Because of the systematic studies of competent agronomists, including C. R. Ball, and the late H. Vinall, C. V. Piper, and H. B. Cowgill, many of the more or less true-to-seed sorts in that assemblage are recognizable, but it requires a specialist to determine varieties with any degree of certainty. Every year since 1941 thousands of chemical analyses and studies of various kinds, genetic, pathological, and agronomic, have been conducted on the mass of plant material in an effort to sift out the best "sugar lines" and "sirup lines" suitable as beginning points for breeding and to continue breeding and selection with combinations already made.

Fourteen crosses of domestic varieties considered promising as sugar lines have been made. They comprise various combinations of Honey, Collier, Rex, Hodo, and White African with Cowper, Sourless, Straight-neck, Hodo, S. A. 287, and Early Folger 9097. Sirup lines are represented by crosses of Hodo, S. A. 287, White African, Coleman (M), S. A. 108, and Iceberg in various combinations with C. P. Special, Early Folger 16154, Cowper, and Straightneck. All of them have now been carried to the F6 generation. The best results have been obtained from Hodo X Early Folger 9097. More recently, exploratory crosses were made to find parents that would transmit high yield and disease resistance; they represented 43 combinations of Rox Orange, S. A. 183, M. N. 60, M. N. 61, Texas Blackhull Kafir, Sugary Feterita, Dawn, Blackhull Kafir, Georgia Blue Ribbon, Straightneck, Iceberg, M. N. 51, and M. N. 352 with S. A. 287 C, Sumac, Coleman Y, McLean, Silvertop, Saccaline, Leoti, S. A. 107, Rex, Honey, Hodo, Atlas, and Early Folger 16154.

The results indicate that the only good domestic parent varieties for intercrossing are Collier, Rex, Honey, Early Folger 9097, White African, and Hodo. Combinations of these are not likely to produce high-yielding varieties for sugar production, but because Hodo is rank-growing there is a good possibility of increasing sirup yields.

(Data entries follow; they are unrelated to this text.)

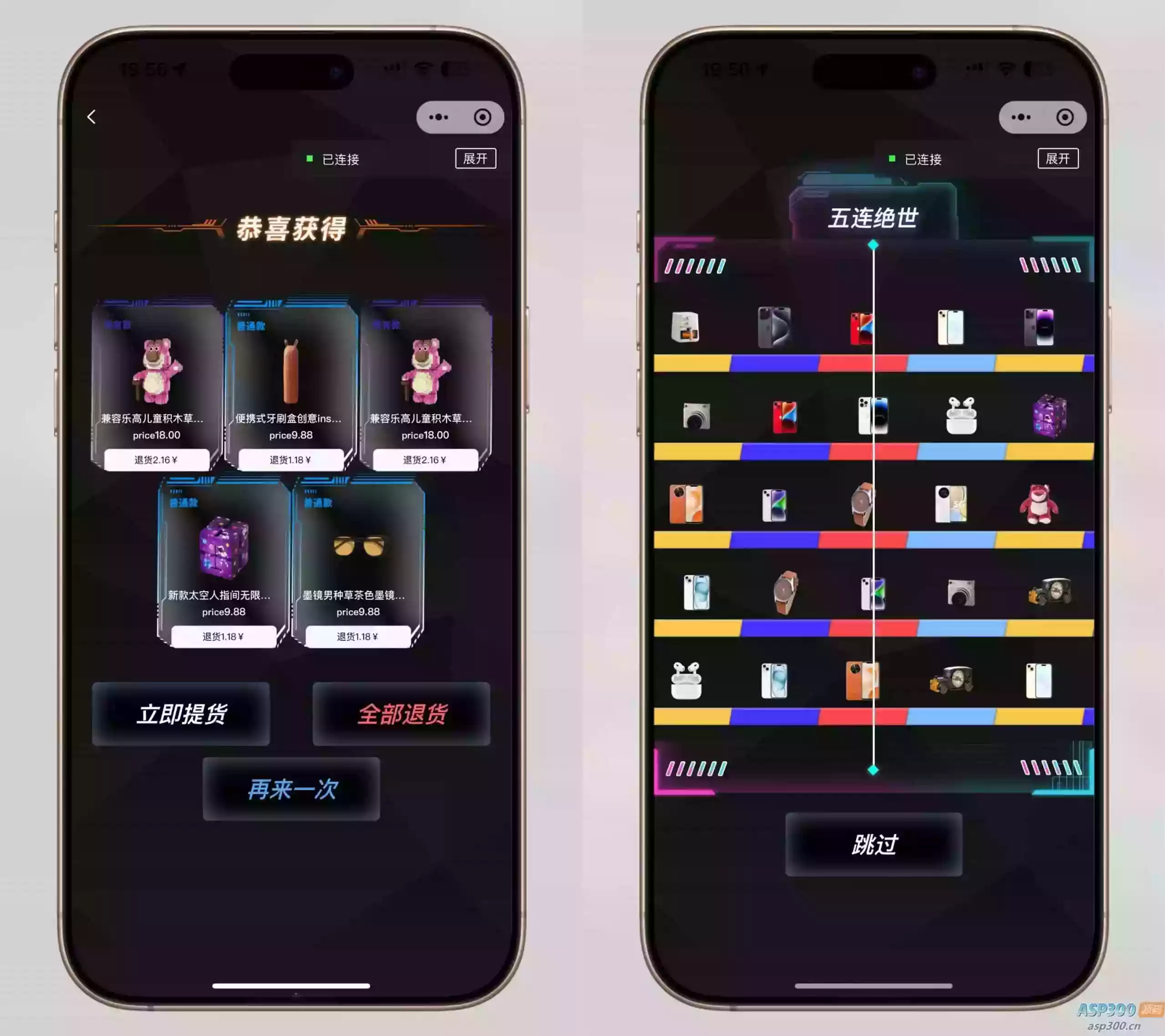 潮乎盲盒小程序，盲盒全开源源码，潮玩盲盒功能，推广海报，多级分销，小程序源码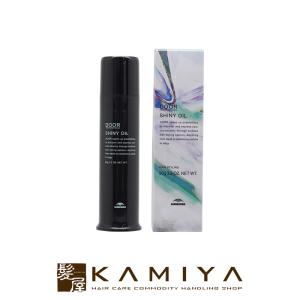 ケラスターゼ（KERASTASE PARIS） CH マスク クロノロジスト 200g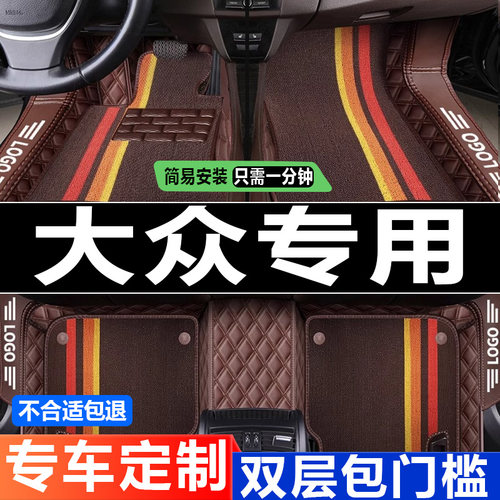 老款脚垫全包围防水大众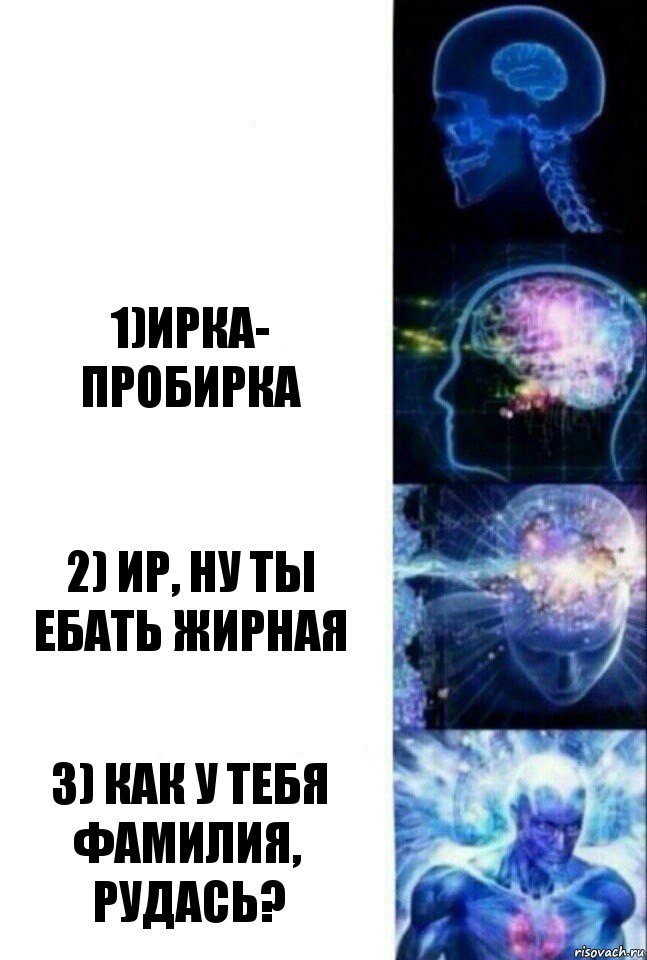  1)Ирка- пробирка 2) Ир, ну ты ебать жирная 3) Как у тебя фамилия, РудАсь?, Комикс  Сверхразум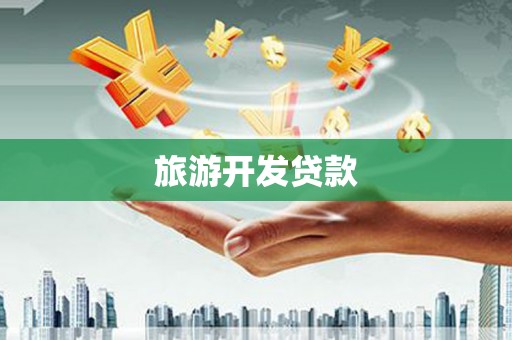磁县旅游开发贷款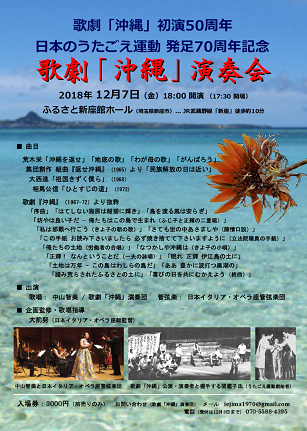日本のうたごえ運動 発足70周年記念－歌劇『沖縄』演奏会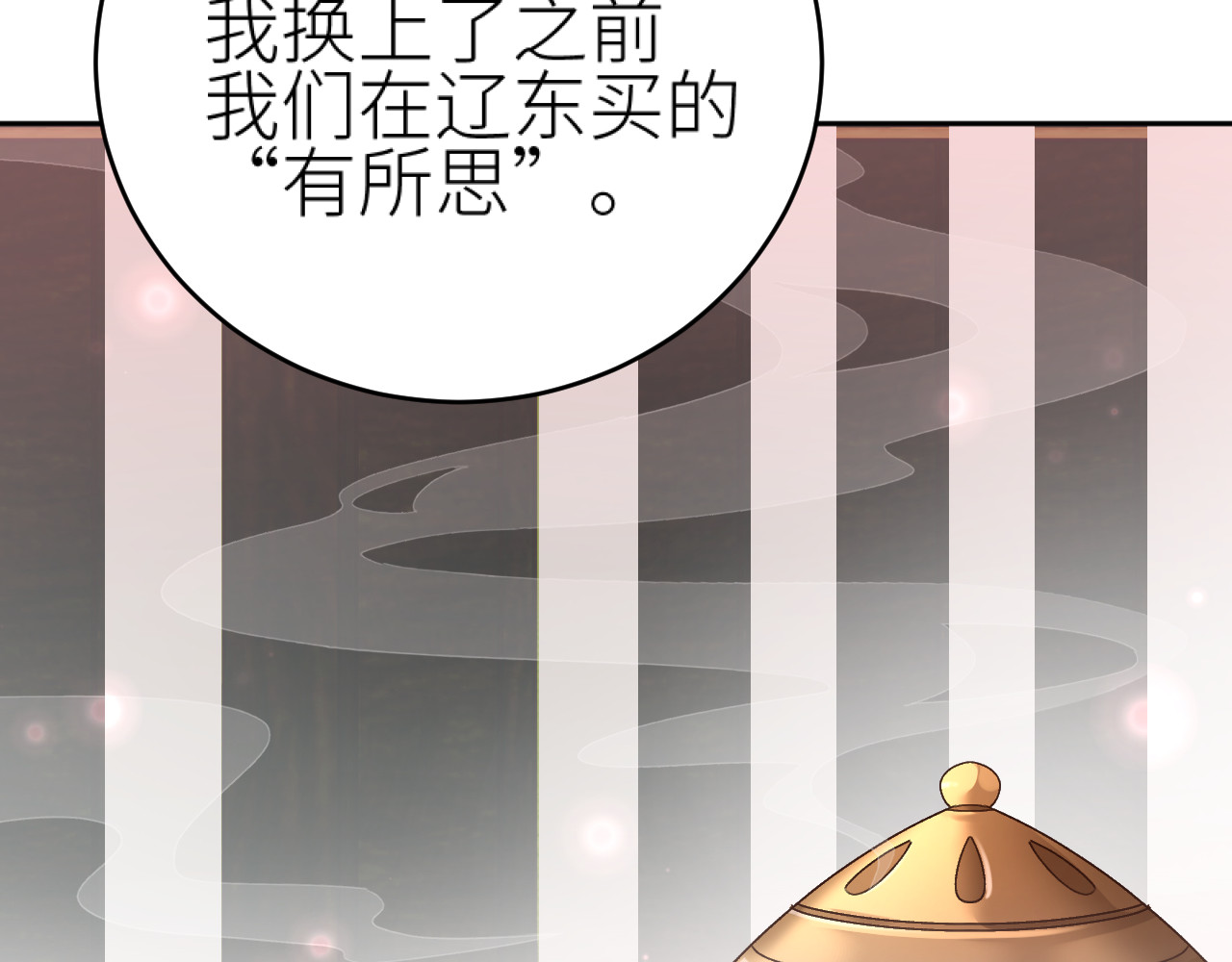 第100话：香如？！ 第 70 页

Rex, Collier, and Honey were used in 1944 for more than 200 crosses with a number of the large, robust varieties obtained from Ethiopia and India. Promising parents among the latter include M. N. 414, 423, 531, 534, 543, and 684. The F2 generation was grown in 1946. Although its progenies will be actively segregated, it is probable that there will be enough material to permit selection of parents that may produce the type wanted. As indicated before, this line of breeding—crossing of the promising large tropical varieties with domestic varieties—is the main hope for success. At this stage it is only well begun.